I understand the point about total light collection and how, when images are normalized to the same output size, noise performance can converge. That makes sense in a controlled comparison, but it’s not really how I—or many others—use the camera in practice. In real-world shooting at higher ISOs, noise is a visible and often limiting factor in image quality, and that’s the condition where we were hoping to see an improvement with the R7 MII.

At the same time, I don’t think it’s accurate to say pixel size is irrelevant. On a fixed sensor size, increasing resolution reduces pixel area, which affects per-pixel signal-to-noise. While normalization can reduce those differences when images are resized, in real-world use—especially at high ISO—those factors can still influence how noise presents in the actual image.

I would also question whether dynamic range charts are the right way to evaluate this specific point. Dynamic range is related to noise, but it’s not the same as how noise actually presents in an image—especially at higher ISO. Dynamic range charts are helpful, but they’re not a direct proxy for perceived image noise. Two sensors can plot very similarly in DR and still produce different-looking images at high ISO, particularly when viewed at native resolution or when cropped. That distinction matters a lot for the kind of shooting we’re talking about.

My concern is more about how these cameras are actually used. For action and wildlife photography, I’m often shooting at ISO 3200–6400+ to maintain shutter speeds around 1/1000, and I’m not downsampling to evaluate noise—I’m looking at the image at native resolution or cropping, which is very common in birding. In that context, how noise presents in the actual file matters, not just how it behaves after normalization.

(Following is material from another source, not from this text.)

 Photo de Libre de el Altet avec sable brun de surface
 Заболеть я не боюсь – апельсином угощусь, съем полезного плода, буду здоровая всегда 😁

More broadly, this comes down to a design tradeoff. Resolution, noise performance, and video capability are competing priorities on a fixed sensor size. Increasing resolution shifts the balance toward detail, cropping flexibility, and enabling features like 8K video, but it doesn’t necessarily improve high ISO image quality—and it can limit how much improvement you can realize there.

That’s really the point I was making. If newer sensor technologies like BSI improve efficiency, those gains can be used in different ways. You can spend them on more pixels, or you can spend them on better signal-to-noise performance. From a photographer’s perspective—especially for action and low-light shooting—I would have preferred to see those gains translate into visibly cleaner images at higher ISO rather than increased resolution.

You could even make a reasonable case that a lower resolution APS-C sensor—something closer to 24MP—would better serve that use case. Larger pixels would improve per-pixel signal-to-noise, and in many real-world scenarios where shutter speed and ISO are the limiting factors, that could result in better overall image quality. Of course, that comes at the expense of cropping flexibility and video features, which some users value more.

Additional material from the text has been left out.